What you have to do — Please repeat every record below exactly as written, but leave out the pictures.

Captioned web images
※
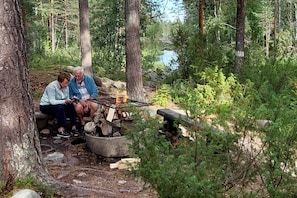 Two people sitting by a campfire in a forested area with a river in the background.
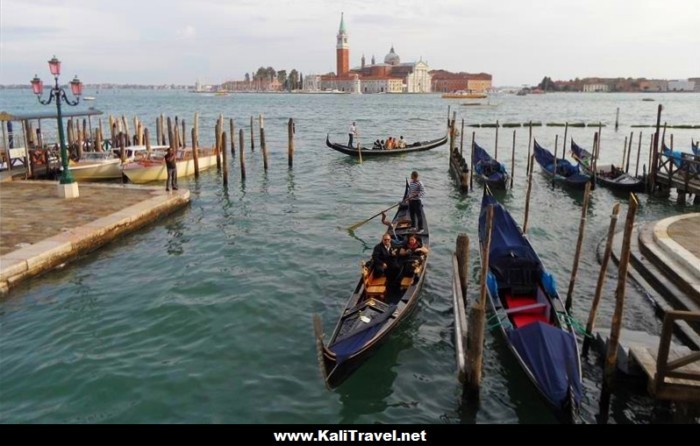 Gondolas on St Mark's waterfront canal in Venice, Italy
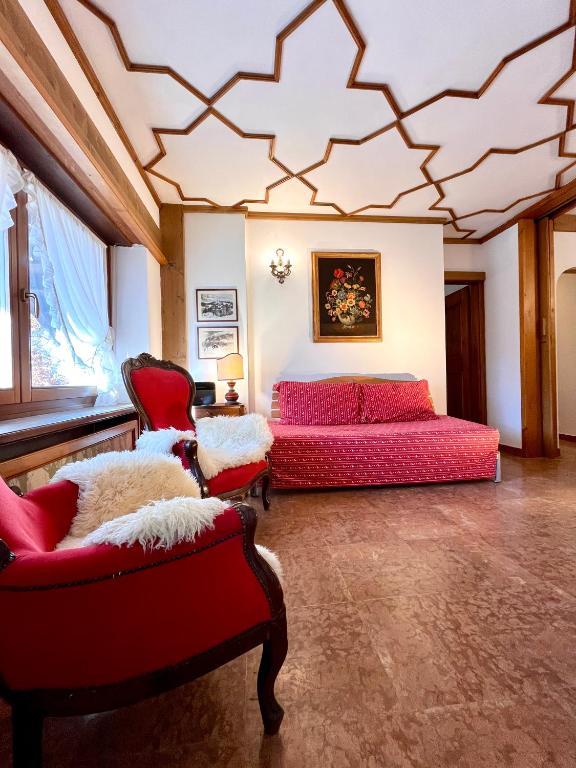 a bedroom with a bed and two chairs at Cortina Relax in Cortina dʼAmpezzo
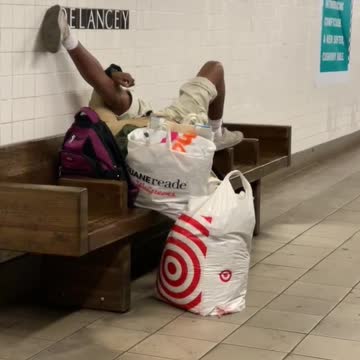 Man lays down and stretches his legs on subway station bench
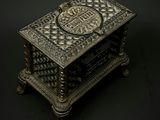 a metal box with a design on it on a black background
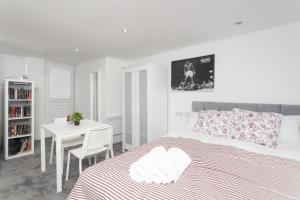 a white bedroom with a bed and a table at Leeds House in Leeds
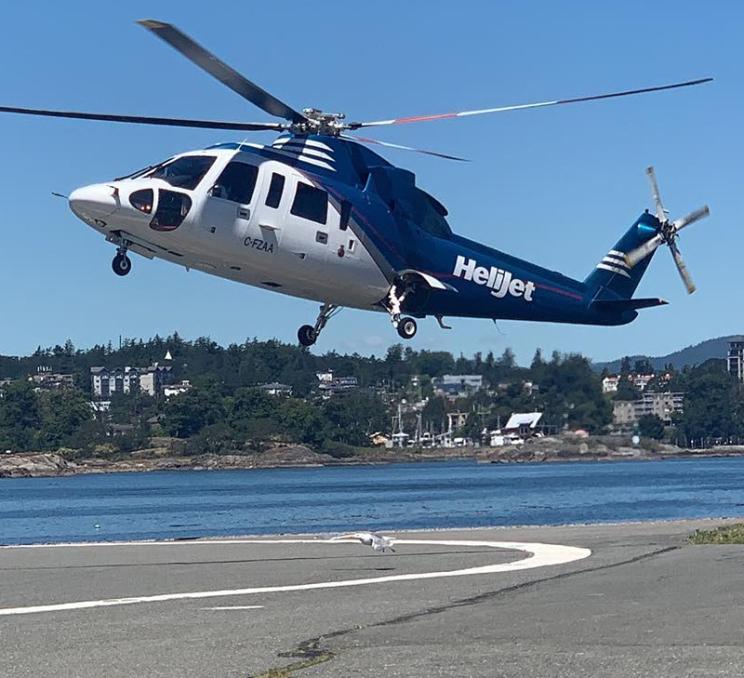 A Helijet helicopter lands at a heliport in Victoria, BC's Inner Harbour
※
Answer for the task —
 Two people sitting by a campfire in a forested area with a river in the background.
 Gondolas on St Mark's waterfront canal in Venice, Italy
 a bedroom with a bed and two chairs at Cortina Relax in Cortina dʼAmpezzo
 Man lays down and stretches his legs on subway station bench
 a metal box with a design on it on a black background
 a white bedroom with a bed and a table at Leeds House in Leeds
 A Helijet helicopter lands at a heliport in Victoria, BC's Inner Harbour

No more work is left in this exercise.